## Available data
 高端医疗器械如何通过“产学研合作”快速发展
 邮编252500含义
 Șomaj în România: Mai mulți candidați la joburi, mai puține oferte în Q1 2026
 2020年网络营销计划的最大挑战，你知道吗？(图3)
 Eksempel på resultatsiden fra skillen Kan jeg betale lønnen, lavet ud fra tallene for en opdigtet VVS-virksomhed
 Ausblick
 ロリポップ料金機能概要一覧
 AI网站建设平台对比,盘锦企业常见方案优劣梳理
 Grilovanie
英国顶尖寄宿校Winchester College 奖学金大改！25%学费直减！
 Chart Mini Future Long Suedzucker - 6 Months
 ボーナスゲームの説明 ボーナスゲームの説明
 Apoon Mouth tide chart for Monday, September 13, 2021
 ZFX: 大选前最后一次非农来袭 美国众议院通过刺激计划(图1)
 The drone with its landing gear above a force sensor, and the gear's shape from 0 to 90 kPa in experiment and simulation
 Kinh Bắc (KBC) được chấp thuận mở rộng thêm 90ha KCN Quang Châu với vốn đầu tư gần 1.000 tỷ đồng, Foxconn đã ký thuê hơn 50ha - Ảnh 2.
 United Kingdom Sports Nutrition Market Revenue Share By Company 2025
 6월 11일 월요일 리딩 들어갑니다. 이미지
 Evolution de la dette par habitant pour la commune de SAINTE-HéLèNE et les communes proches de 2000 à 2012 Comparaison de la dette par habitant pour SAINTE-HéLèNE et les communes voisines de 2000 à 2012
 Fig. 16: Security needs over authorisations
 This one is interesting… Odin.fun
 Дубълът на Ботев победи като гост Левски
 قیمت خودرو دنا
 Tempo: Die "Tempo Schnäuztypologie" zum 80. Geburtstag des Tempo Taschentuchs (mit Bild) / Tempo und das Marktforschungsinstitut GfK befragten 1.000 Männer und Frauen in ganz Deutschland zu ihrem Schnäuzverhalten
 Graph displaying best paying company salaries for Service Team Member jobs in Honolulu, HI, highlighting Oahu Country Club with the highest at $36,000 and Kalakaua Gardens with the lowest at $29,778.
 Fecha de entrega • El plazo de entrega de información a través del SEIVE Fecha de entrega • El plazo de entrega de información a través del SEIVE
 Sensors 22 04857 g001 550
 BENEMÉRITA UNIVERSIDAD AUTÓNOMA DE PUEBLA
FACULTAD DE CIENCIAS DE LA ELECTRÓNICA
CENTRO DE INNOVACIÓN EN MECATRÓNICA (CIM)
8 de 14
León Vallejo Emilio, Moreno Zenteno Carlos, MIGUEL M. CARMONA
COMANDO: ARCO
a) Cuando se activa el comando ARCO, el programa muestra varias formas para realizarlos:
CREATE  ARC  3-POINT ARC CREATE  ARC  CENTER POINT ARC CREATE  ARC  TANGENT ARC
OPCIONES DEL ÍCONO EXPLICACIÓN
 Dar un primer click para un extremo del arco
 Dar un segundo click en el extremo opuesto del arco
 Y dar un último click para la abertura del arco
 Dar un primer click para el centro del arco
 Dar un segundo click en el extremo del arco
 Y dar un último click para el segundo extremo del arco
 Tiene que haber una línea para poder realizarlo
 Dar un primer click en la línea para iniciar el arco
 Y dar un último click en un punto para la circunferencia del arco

## What the task requires
Each line from the one containing "FACULTAD DE CIENCIAS DE LA ELECTRÓNICA" through the final line of the records must be repeated exactly, with no line added or dropped.

## Solution for this exercise
FACULTAD DE CIENCIAS DE LA ELECTRÓNICA
CENTRO DE INNOVACIÓN EN MECATRÓNICA (CIM)
8 de 14
León Vallejo Emilio, Moreno Zenteno Carlos, MIGUEL M. CARMONA
COMANDO: ARCO
a) Cuando se activa el comando ARCO, el programa muestra varias formas para realizarlos:
CREATE  ARC  3-POINT ARC CREATE  ARC  CENTER POINT ARC CREATE  ARC  TANGENT ARC
OPCIONES DEL ÍCONO EXPLICACIÓN
 Dar un primer click para un extremo del arco
 Dar un segundo click en el extremo opuesto del arco
 Y dar un último click para la abertura del arco
 Dar un primer click para el centro del arco
 Dar un segundo click en el extremo del arco
 Y dar un último click para el segundo extremo del arco
 Tiene que haber una línea para poder realizarlo
 Dar un primer click en la línea para iniciar el arco
 Y dar un último click en un punto para la circunferencia del arco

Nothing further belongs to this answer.